# Hey, Pete Teoh, got your car yet?



## JB330Ci (Feb 17, 2002)

Hey, Pete,  

Have you got your car yet? Does the Owner's Circle still show your car "on route" or "transit to the processing center"? My car was on Traviata, docked at Charleston on 03/01 but it still shows my car "on route":dunno:


----------



## ashecnc (Dec 20, 2001)

I remember those days...it was painful  good luck :yikes:


----------



## Pete Teoh (Jan 27, 2002)

JB330Ci said:


> *Hey, Pete,
> 
> Have you got your car yet? Does the Owner's Circle still show your car "on route" or "transit to the processing center"? My car was on Traviata, docked at Charleston on 03/01 but it still shows my car "on route":dunno: *


OC shows it's in the VPC still... I talked to my dealer today. He says it shows in the VIR that it's on the truck, which according to him, means that it should arrive at the dealership today. He says it'll take a day to get it prepped, and the alarm installed, etc. and that I can probably pick it up tomorrow or Thursday. :thumb:

The end is near!


----------



## JB330Ci (Feb 17, 2002)

Pete,

Thanks ! Don't forget to post pictures. Oh BTW, hope the sky will hold up when you pick it up... looks like there will be rain, sleet, and snow in your area Thursday.


----------



## Pete Teoh (Jan 27, 2002)

Yeah.. the weather here stinks. It's been pretty bad since last weekend. Not the best weather to have SP tires... but I think I'll survive if I'm extra careful.


----------



## ict330xi (Dec 23, 2001)

beep


----------



## Pete Teoh (Jan 27, 2002)

Let's get it over with...

HELP! My car beeped at me as soon as I pulled out of the dealer's lot. Is it defective? Should I sue BMW for selling me a lemon? HELP!

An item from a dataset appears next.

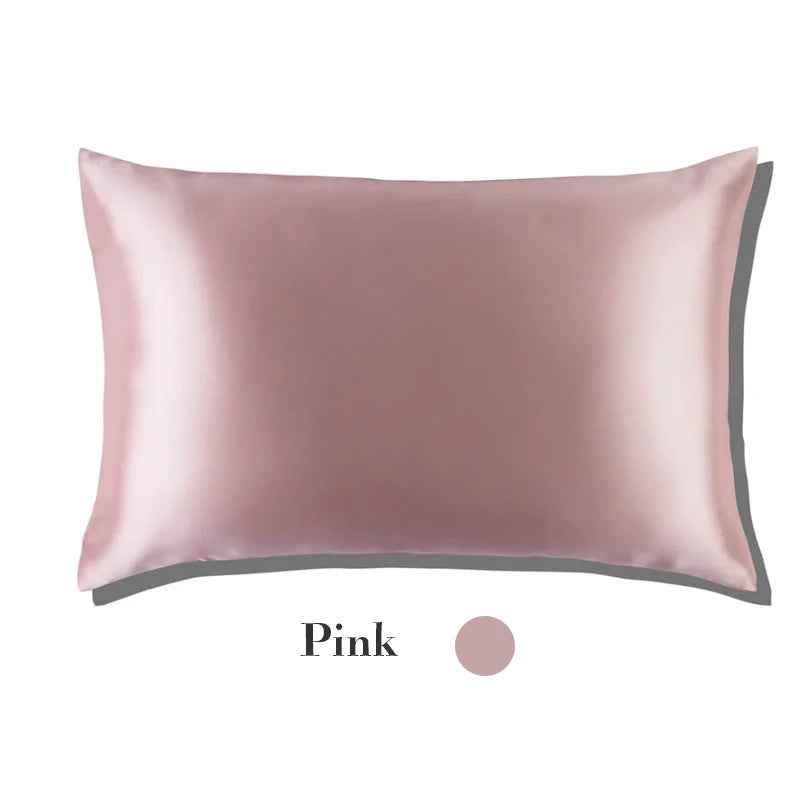 100% Natural Mulberry Silk Pillowcase - Palm and Thread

:lmao: :lmao: :lmao: :lmao:


----------



## RKB (Feb 15, 2002)

*Saw mine today - pick up tomorrow*

My car was on the same boat and I went to the dealership today to turn in my Car/Key form (along with the instructions on how to set the "Clown Nose"). I asked to see the car.
Went back to the work-area and there it was, top down - they were installing the brackets for the wind-screen.

I pick it up tomorrow!

I just wish they didn't put cinders down when it snowed, probably get filthy coming home.

As they say in Jamaica - "Soon come.":thumb:


----------



## Pete Teoh (Jan 27, 2002)

No call from the BMW dealer yet today... 

:dunno: :dunno: :dunno:


----------



## ashecnc (Dec 20, 2001)

:thumbdwn:


----------



## Pete Teoh (Jan 27, 2002)

*It's HERE!*

Just got a call from the dealer... Car is in final prep this afternoon. Set up time for pickup @ 4 p.m. tomorrow.


----------



## ashecnc (Dec 20, 2001)

:yikes: :thumb:


----------



## Pete Teoh (Jan 27, 2002)

Is it 4 p.m. yet?
:yikes:


----------



## Dr. Phil (Dec 19, 2001)

Pete Teoh said:


> *Is it 4 p.m. yet?
> :yikes: *


My suggestion...take a nice 6 hour nap, since you probably didn't sleep last night

Glad your day has finally arrived:thumb:


----------



## jm8571 (Mar 3, 2002)

*OH MAN...*

Ya know, I am just going to take the day off on the day I pick up mine. Set up an appointment for 9:00 AM and just go get it over with. Hopefully, I won't hear its in on a Friday and have to pick it up on a Monday. That would just be cruel and unusual punishment.


----------



## Pete Teoh (Jan 27, 2002)

6 hours... :yikes: :yikes: :yikes: :yikes:


----------



## RKB (Feb 15, 2002)

*Picked up Wednesday!*

Pete -

The wait is so worth it!
Picked up my car yesterday! The test drive prior to signing the papers reminded me as to why I waited so long to get this car!
I would recommend following the pickup checklist:
http://www.e46fanatics.com/faq/checklist.html

Although that seemed to piss the salesman off a little that we didn't just throw down our ~$46K and drive off (see my other post for the one "problem" with the car).

If I ever get a digital camera I'll post some pics of this beauty!

330CiC Steel Blue/Gray/Navy
SP,PP,CWP,Step/BiXen


----------



## Pete Teoh (Jan 27, 2002)

5 hours...

  :yikes:  :lmao:


----------



## Dr. Phil (Dec 19, 2001)

Pete Teoh said:


> *5 hours...
> 
> :yikes:  :lmao:  *


Amazing how sloe that hour went isn't it................

tick.....tick.................tick...............................


----------



## Pete Teoh (Jan 27, 2002)

PM 325xiT said:


> *
> Amazing how sloe that hour went isn't it................
> 
> tick.....tick.................tick............................... *


It is s......................l................................o...........................w................................

At least it's lunch time now. Stuffing my face will distract me for a bit.


----------